電話がなければ始まらない
新生活にあたっては日本でも同じだが、まずは、電気、ガス、インターネットの立ち上げだ。幸い水道料金は家賃に含まれており(つまり、水とお湯は使い放題。海外ではこういうケースは多いらしい)、電話も日本の某キャリアがアメリカで比較的安く携帯電話サービスを提供しており、東京で契約でき、到着時から使うことができた。実は電話が最初から使えたことが結果的にかなり幸いした。電話がなければ何も始まらないし、いちいち公衆電話など使っていられない。(そもそも日本と同じで公衆電話が街中にとても少ない!)。
電気、ガスは独力で会社に電話してなんとか新規口座(アカウント)を作った。最初から電気もガスも使えるのだが、1か月ぐらいたって料金の請求書(Bill)がこないと、料金未払いでサービスを止められてしまうため、実のところちゃんとアカウントが設定できているのか、1か月後が心配ではある。
難航したのはインターネットの回線だった。いまやネットは生活基盤の一つであり、水や電気なみに死活的に重要なインフラだが、申し込んでも工事の予約がなかなか取れない。
不動産屋の助力を得て、ようやく回線工事の予約をとれたのが5日後。しかも午後2時から5時の間にくるという。時間を無駄にせずいろいろやりたいのに、まるで悠長な話だ。そして実際に工事のお兄さんがきたのは夕方の5時半だった。作業自体はほんの20分ぐらいで終わる簡単なものだが、工事のお兄さんによると、独立記念日の休暇前ということで、工事が混み合っていて夕刻の最後の時間帯になったとのこと。世界に冠たる先進国なのに何事も一度では解決しない。時間をしっかり守り、仕事も丁寧な日本のサービスがいかに素晴らしいかを改めて思い知った。
海外生活で必須のID
アメリカに来て身につまされたのは身分を証明するものが日本のパスポート以外に何もないという現実だった。まずは大学のIDカードだと思って、これからお世話になるハーバードのIDオフィスに行き、何はともあれカードを作った。
日本の免許証のように写真を撮ってもらい、IDカードを作るのだが、確認しろと言われてみると、疲れ切ったおやじの顔がモニターに出ていて、自分でも嫌になってしまった。さすがにこれではまずいと思い、写真を撮り直してもらったので、最初よりはまだましになったが、ちょうどサマースクールのシーズンにあたるため窓口も混み合っており、係員もいらいらしているのか、事務的な対応に閉口する。だがIDをもらえないと何も始まらないので、我慢、我慢と耐えるしかない。
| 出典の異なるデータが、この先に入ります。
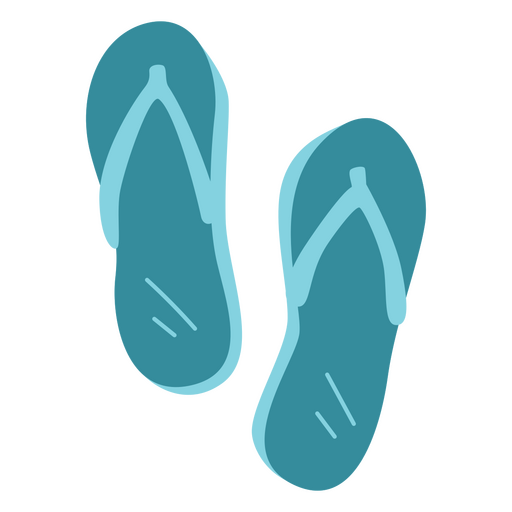 Flip Flops Flat Summer PNG & SVG Design For T-Shirts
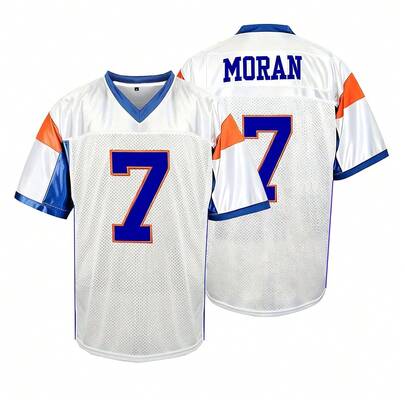 Alex Moran #7 White Mountain State American Football Jersey, Professional Sports American Football Jersey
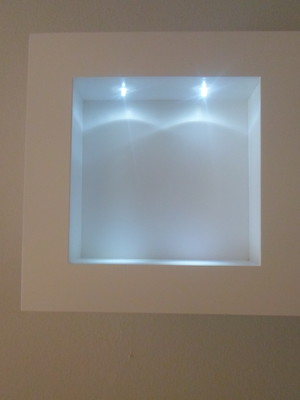 Nicho com led e moldura lisa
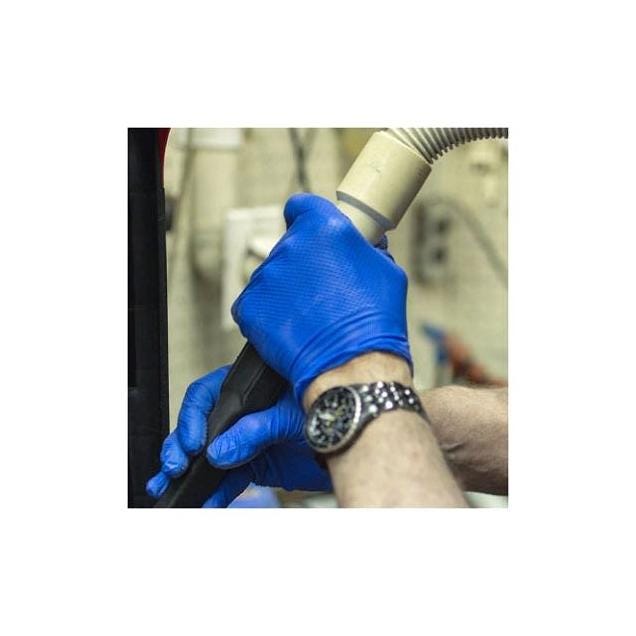 Gloveworks 100-Ct. Large Royal Blue Heavy-Duty Nitrile Work Gloves - photo 3 Gloveworks 100-Ct. Large Royal Blue Heavy-Duty Nitrile Work Gloves - photo 3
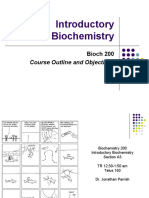 Introductory Biochemistry: Course Outline and Objectives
ようやくIDができたので、次は難航が予想される銀行口座の開設だった。覚悟を決めて、店舗数の多い近所の大手銀行に行き、口座を作りたいと申し出る。しばらく待たされた後に、個室に通されて、いろいろ話を聞かれた。身分証明書を示した後、どんな口座にするか、どれぐらいの資金を常に預けておけるのかなどをいろいろ聞かれた。その結果を踏まえて、テンポラリーカードが発行される。
この間約2時間。説明している方も大変だろうが、英語で自分を説明しないといけないこちらはもっと大変だ。それでもなんとか口座ができたので、ようやく社会人らしい生活ができるようになった。アメリカでの信用履歴がないのでクレジットカードはすぐには作れないのだが、それでもキャッシュカードが発行されたのでデビットカードとして使え、多額の現金を持ち歩かなくても良いのがありがたい。